Higher taxes hurt Americans more than the funded programs help

The American Dream is the idea that any individual should be able to make their own living and to propel their lives to the fullest extent; it’s a founding principle of the United States, and it’s what makes this nation great. However, a national debt that’s over $17 trillion, a recent government shutdown that has cost taxpayers $24 billion, and a broken federal health care system is crippling that dream.

There’s no doubt that heavy economic distress is present in America, and it’s being felt by citizens all across the country. Amidst a debt ceiling debacle in Washington, tax rates are at an all-time high, and 76% of Americans are currently living paycheck to paycheck, meaning they have no extra money to bank on in case of unexpected happenings, such as a sudden illness or job loss. For these past five years all President Obama has churned out are complicated initiatives that he promised will save heaps of money for Americans, such as Obamacare. But after watching these plans unfold, we’re seeing that there’s definitely more cost associated with such programs than there is benefit.

With the national debt skyrocketing, wasteful government spending harming the wallets of the people, and this country’s leadership ratings nearing all-time lows, we are clearly in need of more economic reform. But our plan for prosperity in this country needs to be simple, reflective of the American Dream, and it must put more money into the pockets of Americans.

Here’s what needs to happen if America is to become economically strong again: the outrageous tax rates in this country have to be lowered.

This should be a no-brainer solution for our leadership to implement, since Americans will be able to keep more of the money they work hard for. This will also solve the welfare and unemployment situation in our country, since Americans can work to earn more money and improve their qualities of life by being able to have more purchasing power. In fact, reducing tax has proven to be a successful strategy before. The state of Texas has eliminated income tax at the state level, and as a result of that initiative, 4 of the 5 best economically performing cities are located in Texas. And because the US government operates off of tax dollars, minimal taxes puts the government on the people’s side because it must run efficiently and not waste the money it is given.

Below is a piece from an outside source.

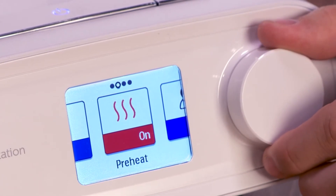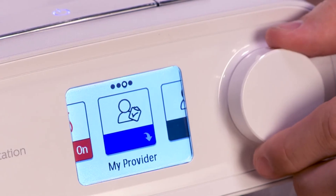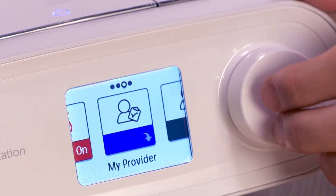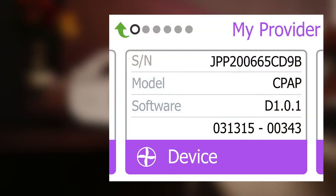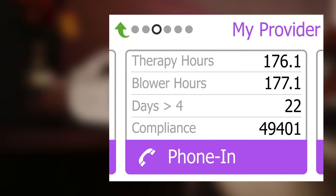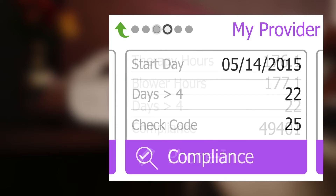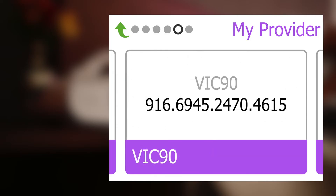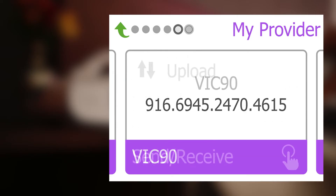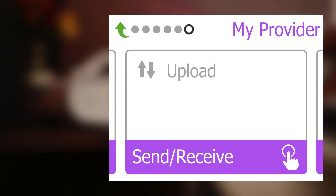The My Provider menu contains information that your provider may ask you to read to them so they can better assist you over the phone. This section also includes the modem upload and performance check screens.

Take for example a situation in which the average full-time working person makes $51,017 a year. In 1913, the tax paid on that income would’ve been just 1%, but today the rate is a whopping 32%. That’s just about a third of that person’s income, and he or she is left with only $34,691.56 of what they actually earned. The issue extends beyond just income tax as well. Each American spends an average of $41,161.92 a year, and after tacking on Minnesota’s state sales tax rate of 7.275%, the citizen will have to shell out nearly $3,000 extra. The problem remains consistent: it’s not consumer spending, and it’s certainly not about folks trying to earn a decent living. The problem lies within the excessive amounts of taxes Amercians are paying.

It’s time we stop playing around with slowly-but-surely economic strategies and fix this problem at its root. Even though tax is the main method of funding our government, we must remember that it needs to be on the people’s side; it should not act as a private business that aims to collect as much money as possible. Americans are paying a lot in taxes for what is becoming a larger and more ineffective governing power, and the best thing that can be done to heal the wallets of Americans is to keep the taxes to a minimum.